> [MATERIAL PROVIDED]:

----

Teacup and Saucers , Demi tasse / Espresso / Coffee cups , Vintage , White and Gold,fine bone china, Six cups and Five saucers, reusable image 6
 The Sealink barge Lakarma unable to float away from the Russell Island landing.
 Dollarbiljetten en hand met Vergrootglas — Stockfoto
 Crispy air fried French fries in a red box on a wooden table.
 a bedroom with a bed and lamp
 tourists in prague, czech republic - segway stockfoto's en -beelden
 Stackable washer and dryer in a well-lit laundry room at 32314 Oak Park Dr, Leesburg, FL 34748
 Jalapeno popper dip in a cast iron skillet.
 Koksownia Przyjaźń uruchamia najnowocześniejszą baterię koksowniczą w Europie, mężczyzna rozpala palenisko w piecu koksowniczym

----

> [INSTRUCTIONS TO FOLLOW]: Your output must be the exact lines from the one containing "Stackable washer and" through the end of the data above, both included, and nothing more.

> [ANSWER SECTION]:
 Stackable washer and dryer in a well-lit laundry room at 32314 Oak Park Dr, Leesburg, FL 34748
 Jalapeno popper dip in a cast iron skillet.
 Koksownia Przyjaźń uruchamia najnowocześniejszą baterię koksowniczą w Europie, mężczyzna rozpala palenisko w piecu koksowniczym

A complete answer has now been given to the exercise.